Diversifying your business into new products, services or markets can be an effective way to minimise risk in your business or rapidly grow your business. But diversification will offer you opportunities and risks and can have both a negative impact on your financials in the short term but could prove highly profitable in the longer term.
What is business diversification?
Diversification is both a growth and risk strategy for a business. Diversifying business activities allows companies to thrive by managing risk and expanding into new markets or new products and services. Diversifying can involve radical steps such as acquiring a new business or moving into something completely different.
What are the examples of diversification?
Diversification can involve any of the following:
- Acquiring or developing new products or services that appeal to your current customer base.
- Adding new products that have sales and marketing or technology synergies.
- Adding new products or services unrelated to your core business or current customers.
- Exploring new markets (either in your current countries of operation or abroad).
- Acquiring or expanding in the production or supply chain of your product.
What are the advantages of diversification?
There can be many advantages of diversification. Below are just some benefits you may achieve through diversification in your business.
- New revenue streams.
- Growth in market share.
- Increased sales and revenue.
- Higher profits.
- Minimise financial risk.
- Increase your business value.
- Limit the impact of changes in the market or economy.
- Maximise the use of potentially underutilised resources.
What are the disadvantages of diversification?
You should be aware of potential disadvantages of business diversification before you decide to take this route to grow your business.
- Diverting money and resources into diversification could limit potential growth in core areas of your business.
- If your business or team lack the skills and expertise for the diversification, it could hinder your progress, lead to mistakes or costly delays.
- Diversification may cause you to stretch resources too widely leading to lack of cashflow, affect levels of service or losing staff.
- You could find that by diversifying your lose track of or limit control of the rest of your business.
- Diversification could dilute your core brand and messaging and can confuse your customers or make them believe that you are no longer a leader in your area because you don’t specialise.
- You’ll require additional funds to diversify - there may be acquisition costs orstartup costs and the added overhead needed to achieve increased sales goals.Short-term capital needs and debt expense to fund the diversification might be too high.
- Reduce productivity may be a result if employees now have to multi-task or learn new skills.
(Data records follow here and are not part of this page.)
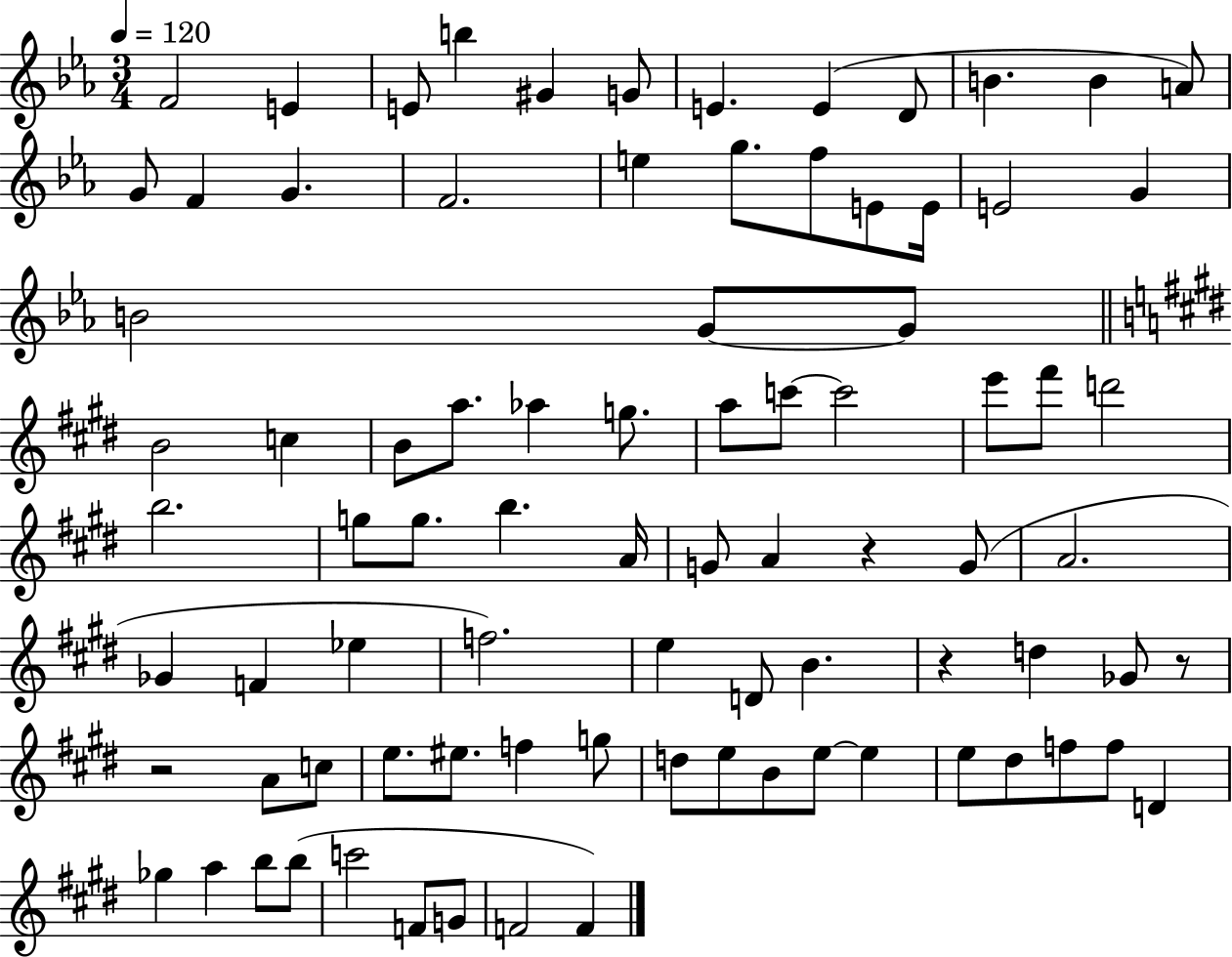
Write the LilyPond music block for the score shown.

{
  \clef treble
  \numericTimeSignature
  \time 3/4
  \key ees \major
  \tempo 4 = 120
  f'2 e'4 | e'8 b''4 gis'4 g'8 | e'4. e'4( d'8 | b'4. b'4 a'8) | \break g'8 f'4 g'4. | f'2. | e''4 g''8. f''8 e'8 e'16 | e'2 g'4 | \break b'2 g'8~~ g'8 | \bar "||" \break \key e \major b'2 c''4 | b'8 a''8. aes''4 g''8. | a''8 c'''8~~ c'''2 | e'''8 fis'''8 d'''2 | \break b''2. | g''8 g''8. b''4. a'16 | g'8 a'4 r4 g'8( | a'2. | \break ges'4 f'4 ees''4 | f''2.) | e''4 d'8 b'4. | r4 d''4 ges'8 r8 | \break r2 a'8 c''8 | e''8. eis''8. f''4 g''8 | d''8 e''8 b'8 e''8~~ e''4 | e''8 dis''8 f''8 f''8 d'4 | \break ges''4 a''4 b''8 b''8( | c'''2 f'8 g'8 | f'2 f'4) | \bar "|."
}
Financial aspects to consider when diversifying
When looking to diversify you need to consider the financial impact that diversification may have which include:
- Funding needed for acquisitions.
- Financing for new equipment, premises etc.
- Increased operational costs to fund diversification including people, technology, marketing.
- Increase in revenue.
- Increase or decrease in business value.
Doing what you’ve always done may not be the best strategy to grow your business longer term. Diversification can offer businesses alternatives routes to growth, increased revenue& profits, less risk, and increased business value. However, diversification needs careful planning and considerations on both the positive and negative impact on your current business.
Maybe you’re considering diversification to grow and prosper or merely to survive in the future, but whatever the reason it’s wise to not rush in. It may take you out of your comfort zone and may divert your attention away from your core business, but it also may well bring you big advantages and rewards.